Required action >>
What is needed is an exact copy of the records below, minus any pictures.

(Short descriptive text snippets)
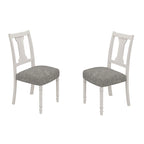 Ensemble table et chaises de salle à manger 5 pièces Sane, Fiddleback, plateau rond, gris, blanc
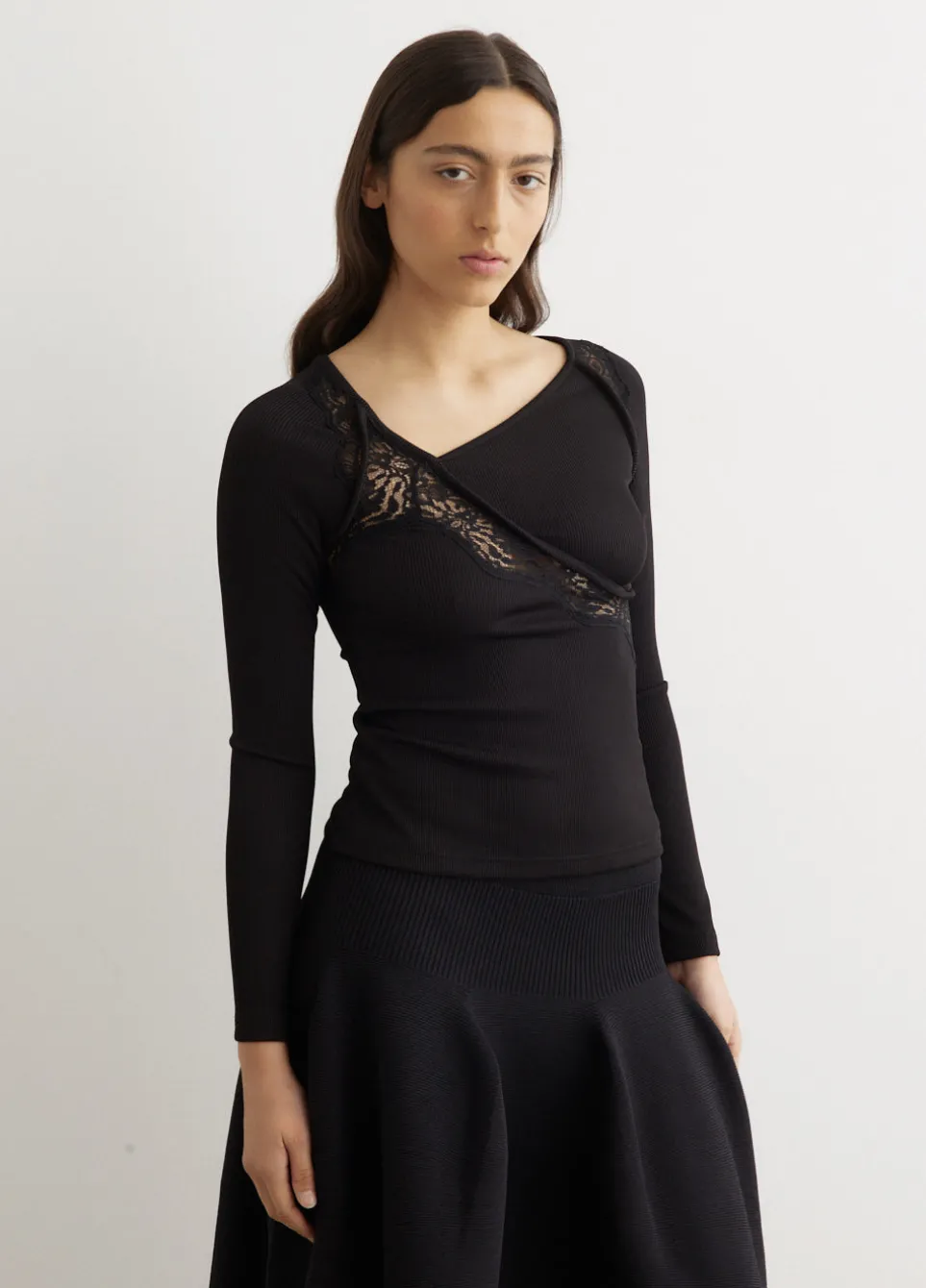 Lace Insert Long Sleeve Top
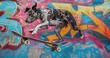 Dog, skateboard ride, close-up, adventurous, urban graffiti backdrop, detailed, cool vibe. 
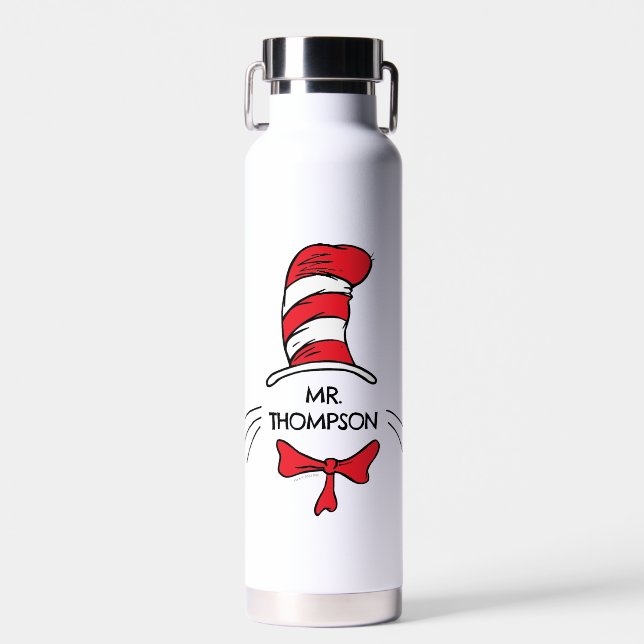 Dr. Seuss | Katze im Namen eines benutzerdefiniert Trinkflasche (Vorne)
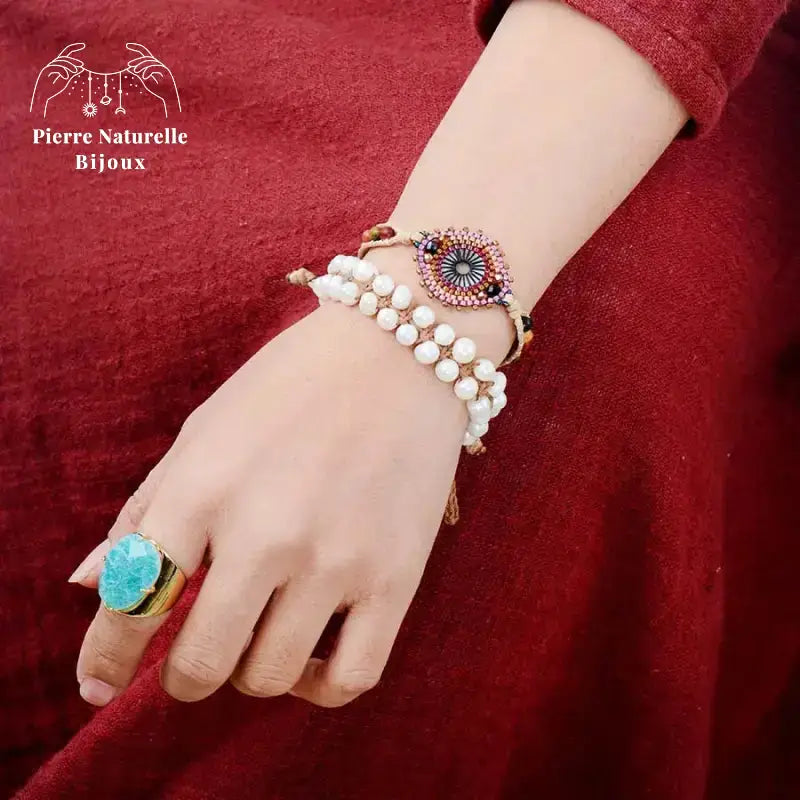 Bague "Floraison" en Amazonite | Bagues | pierre naturelle bijoux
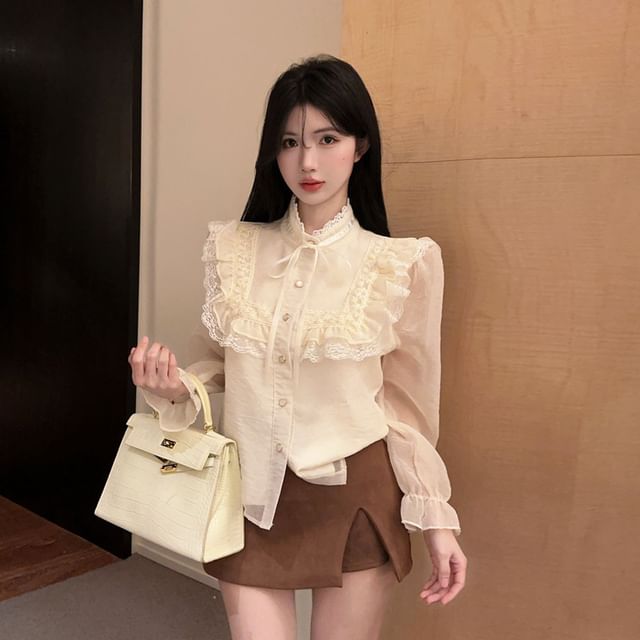 Stand-Collar Long-Sleeve Blouse with Lace Ruffle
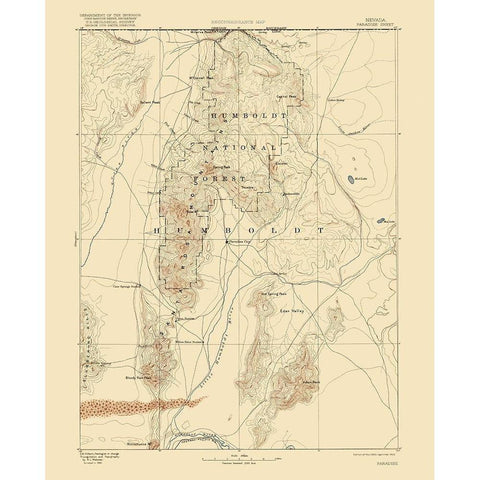 Paradise Nevada Sheet - USGS 1893 White Modern Wood Framed Art Print by USGS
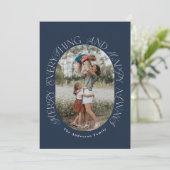 Moderne marine foto elegante typografie botanisch feestdagenkaart (Staand voorkant)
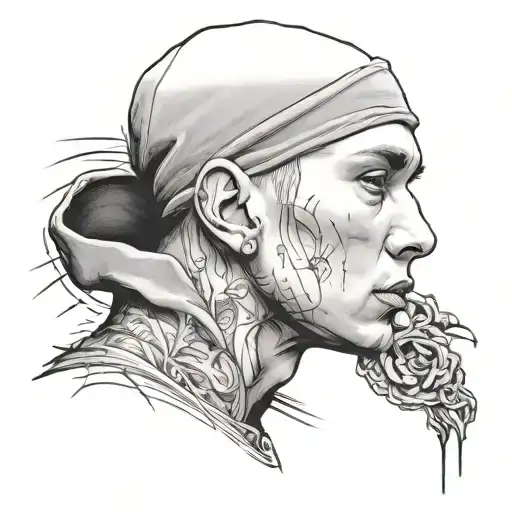 eminem with lyrics tattoo design idea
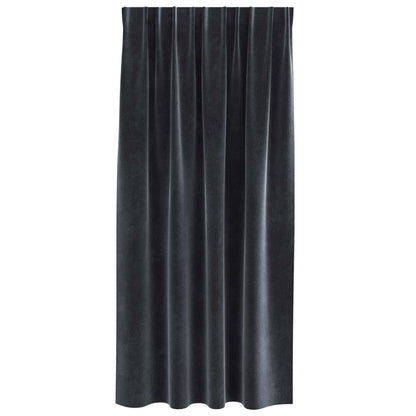 Blackout Curtains 2 pcs Dark Grey 140 x 175 cm Velvet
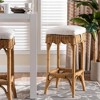 bali & pari Muy Scallop Rattan Bar Stool Honey/White - 3 of 4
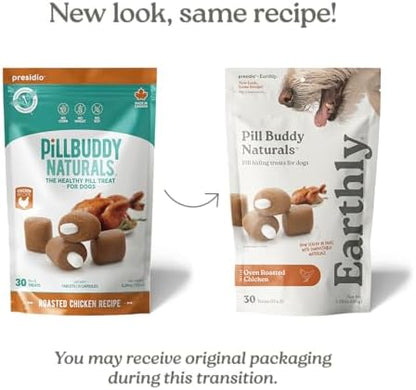Presidio Earthly Pill Buddy Naturals - Chicken Recipe Pill Hiding Treats for Dogs - Make A Perfect Pill Concealing Pocket Or Pouch - 30 Servings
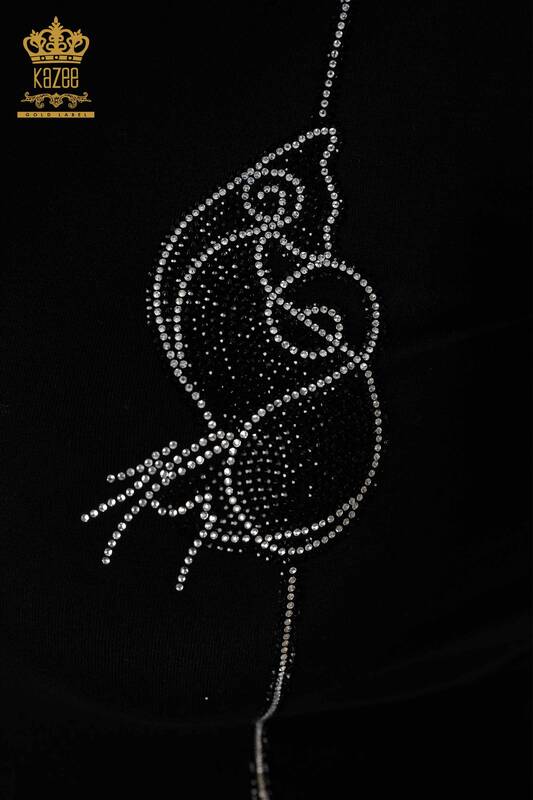 Wholesale Women's Blouse Stone Embroidered Crew Neck Black - 79000 | KAZEE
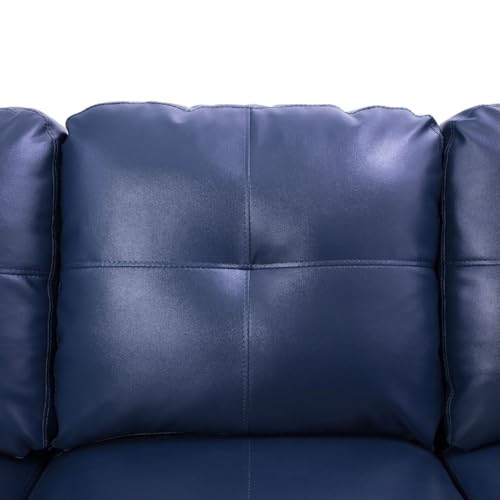 Image of L-Shaped 3-Piece Semi PU Synthetic Leather Sofa with Storage Ottoman Set, Sectional Couch Sofa Set for Living Room, Office, Small Space, Blue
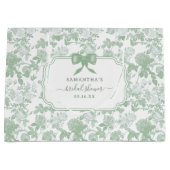 Groene Bloemrozen Chinoiserie Bruiloftsshower Groot Cadeauzakje (Voorkant)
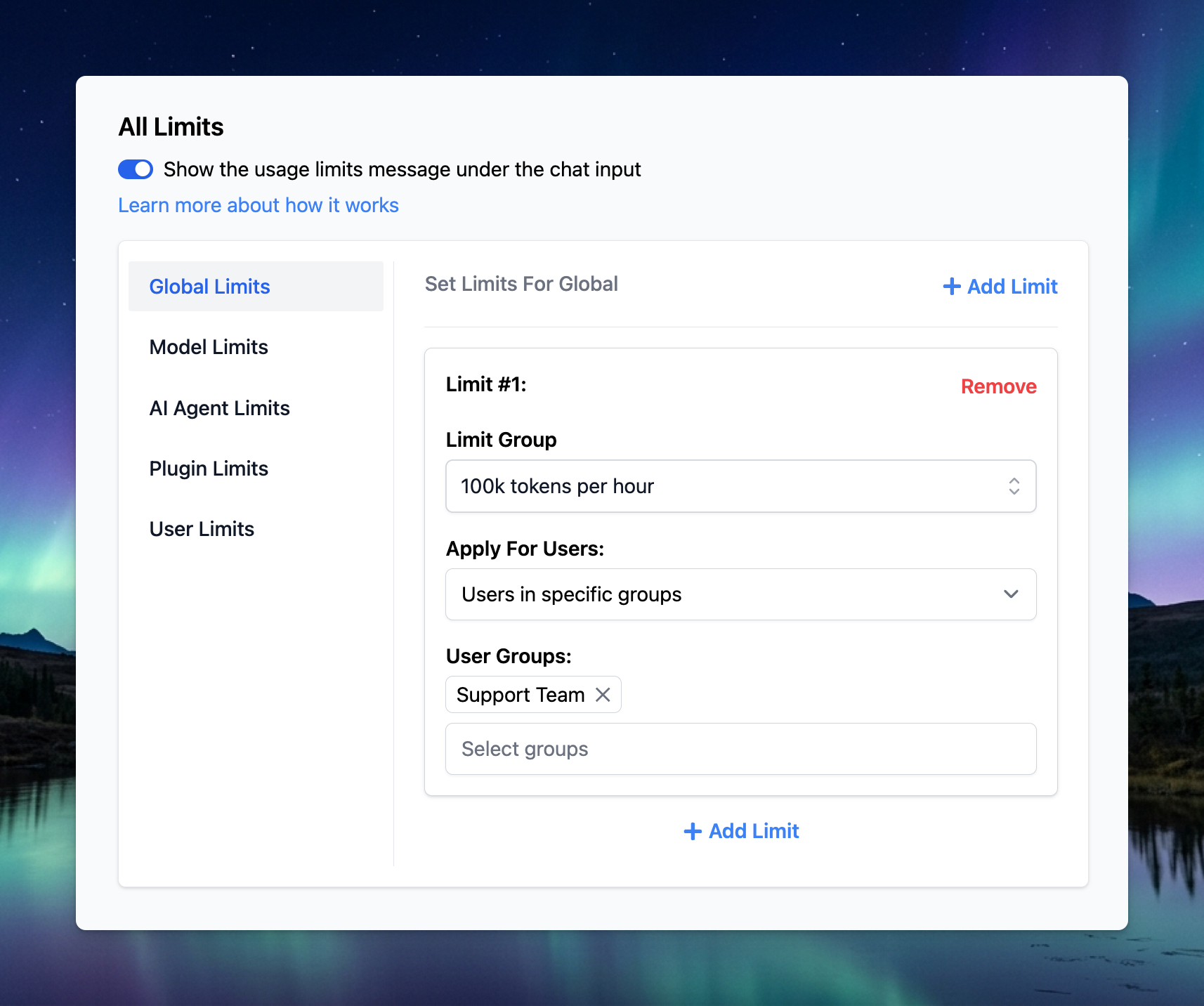 Token Limit - Configuration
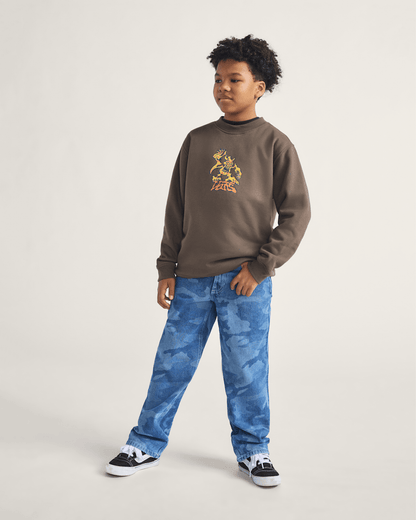 Vans Kids Check-5 Loose Denim Pants in Stonewash Blue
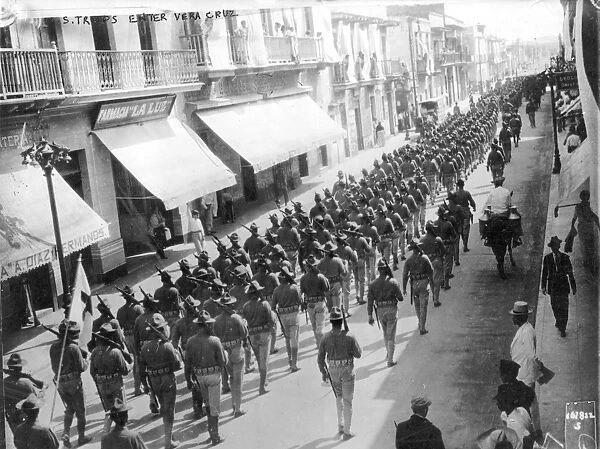 MEXICAN EXPEDITION, 1914. United States Marines entering Veracruz, Mexico, in 1914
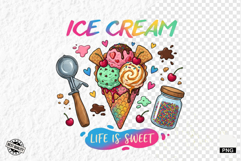 Watercolor Summer Ice Creams Clipart Product Image 1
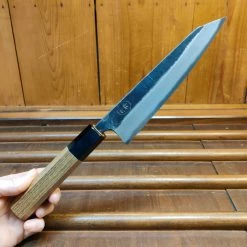 H&K Kumokage 150mm Honesuki Aogami 2 Kurouchi Carbon Damascus Teak Horn Hatsukokoro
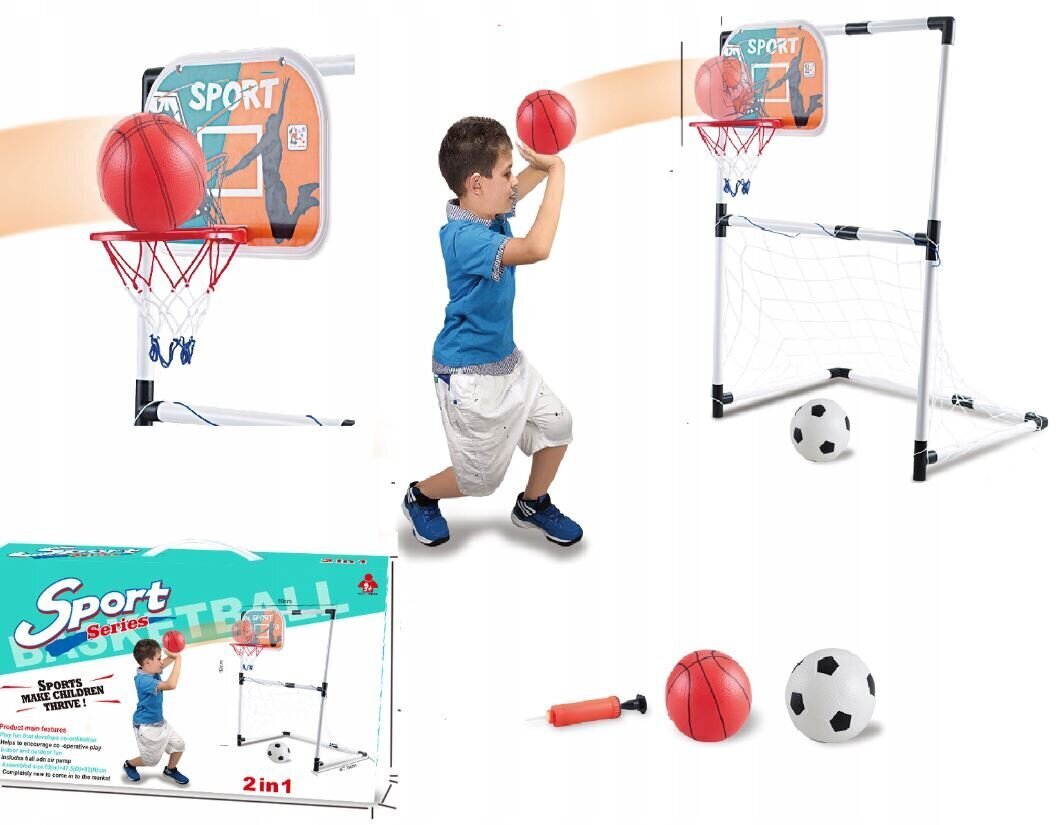 Futbola vārti ar basketbola grozu, 69 x 48 x 92 cm cena un informācija | Futbola vārti un tīkls | 220.lv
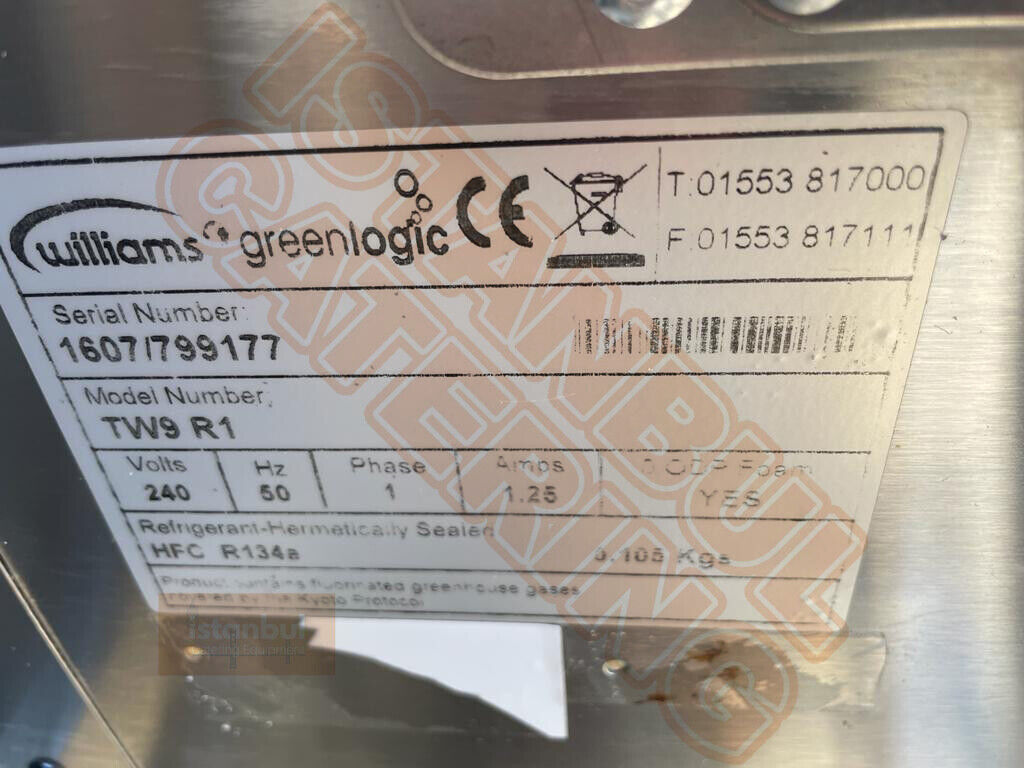 Close-up of the controls on the Williams TW9 R1 refrigeration, designed for precise temperature management for salad and garnish storage.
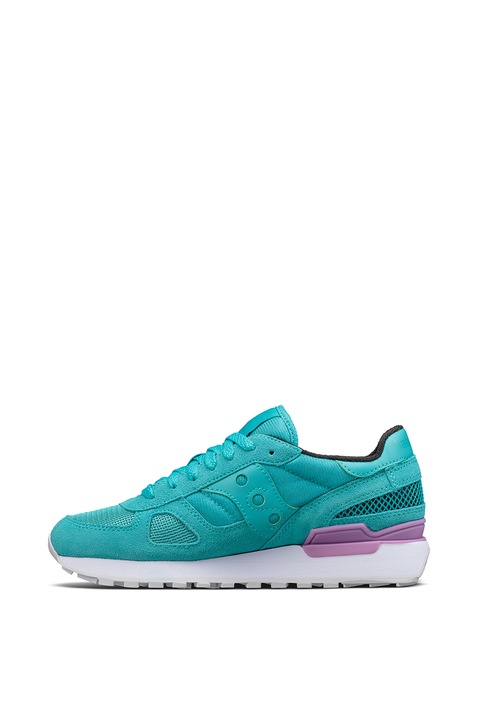 Saucony, Pantofi sport cu insertii de piele intoarsa Shadow Original, Albastru aqua, 6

Written solution >>
 Ensemble table et chaises de salle à manger 5 pièces Sane, Fiddleback, plateau rond, gris, blanc
 Lace Insert Long Sleeve Top
 Dog, skateboard ride, close-up, adventurous, urban graffiti backdrop, detailed, cool vibe. 
 Dr. Seuss | Katze im Namen eines benutzerdefiniert Trinkflasche (Vorne)
 Bague "Floraison" en Amazonite | Bagues | pierre naturelle bijoux
 Stand-Collar Long-Sleeve Blouse with Lace Ruffle
 Paradise Nevada Sheet - USGS 1893 White Modern Wood Framed Art Print by USGS
 Moderne marine foto elegante typografie botanisch feestdagenkaart (Staand voorkant)
 eminem with lyrics tattoo design idea
 Blackout Curtains 2 pcs Dark Grey 140 x 175 cm Velvet
 bali & pari Muy Scallop Rattan Bar Stool Honey/White - 3 of 4
Presidio Earthly Pill Buddy Naturals - Chicken Recipe Pill Hiding Treats for Dogs - Make A Perfect Pill Concealing Pocket Or Pouch - 30 Servings
 Wholesale Women's Blouse Stone Embroidered Crew Neck Black - 79000 | KAZEE
 Image of L-Shaped 3-Piece Semi PU Synthetic Leather Sofa with Storage Ottoman Set, Sectional Couch Sofa Set for Living Room, Office, Small Space, Blue
 Groene Bloemrozen Chinoiserie Bruiloftsshower Groot Cadeauzakje (Voorkant)
 Token Limit - Configuration
 Vans Kids Check-5 Loose Denim Pants in Stonewash Blue
 MEXICAN EXPEDITION, 1914. United States Marines entering Veracruz, Mexico, in 1914
 Watercolor Summer Ice Creams Clipart Product Image 1
 H&K Kumokage 150mm Honesuki Aogami 2 Kurouchi Carbon Damascus Teak Horn Hatsukokoro
 Futbola vārti ar basketbola grozu, 69 x 48 x 92 cm cena un informācija | Futbola vārti un tīkls | 220.lv
 Close-up of the controls on the Williams TW9 R1 refrigeration, designed for precise temperature management for salad and garnish storage.
 Saucony, Pantofi sport cu insertii de piele intoarsa Shadow Original, Albastru aqua, 6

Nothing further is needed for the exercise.